Extracted information:

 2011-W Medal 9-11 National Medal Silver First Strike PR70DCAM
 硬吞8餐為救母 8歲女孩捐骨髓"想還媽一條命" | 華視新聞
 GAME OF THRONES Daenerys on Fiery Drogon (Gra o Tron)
* * *
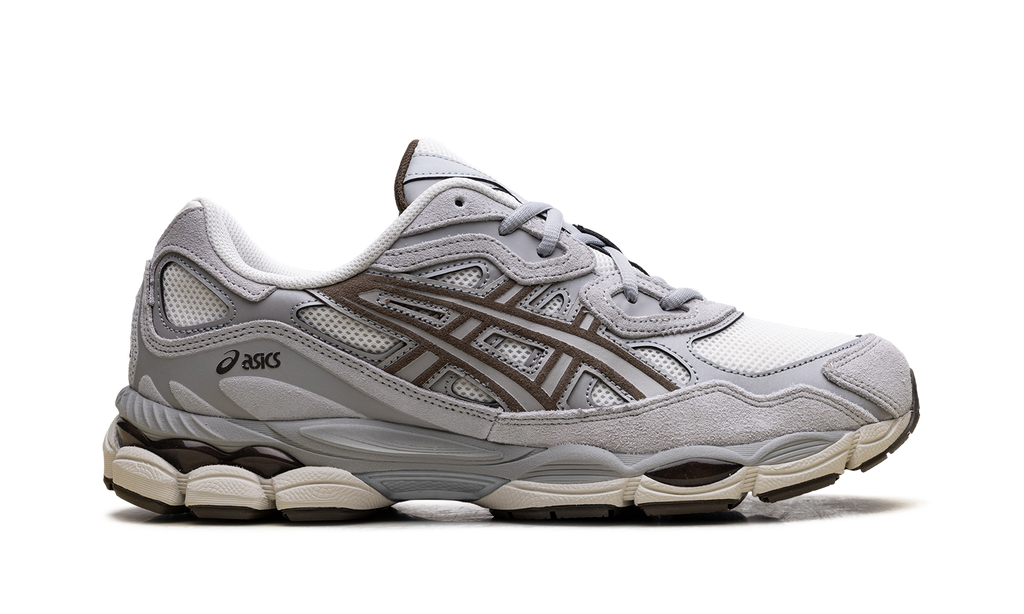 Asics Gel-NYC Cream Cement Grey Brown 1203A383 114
* * *
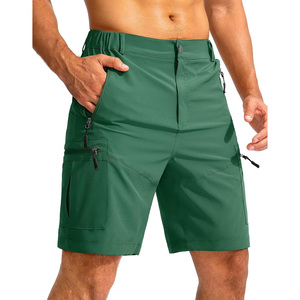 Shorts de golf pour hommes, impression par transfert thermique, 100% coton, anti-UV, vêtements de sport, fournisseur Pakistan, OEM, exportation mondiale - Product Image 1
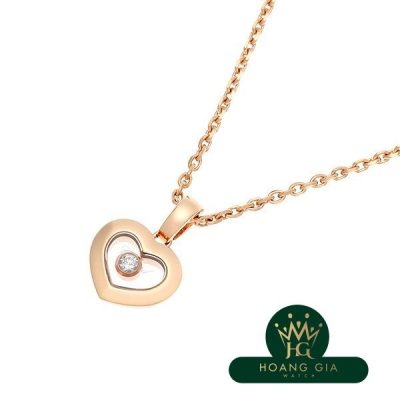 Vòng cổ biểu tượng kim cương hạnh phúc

Problem statement: Your reply is to be an exact repeat of the listing above from the line holding "Shorts de golf" down to the line holding "Vòng cổ biểu tượng kim cương hạnh phúc", ends included, pictures excluded.

Answer to this exercise:
 Shorts de golf pour hommes, impression par transfert thermique, 100% coton, anti-UV, vêtements de sport, fournisseur Pakistan, OEM, exportation mondiale - Product Image 1
 Vòng cổ biểu tượng kim cương hạnh phúc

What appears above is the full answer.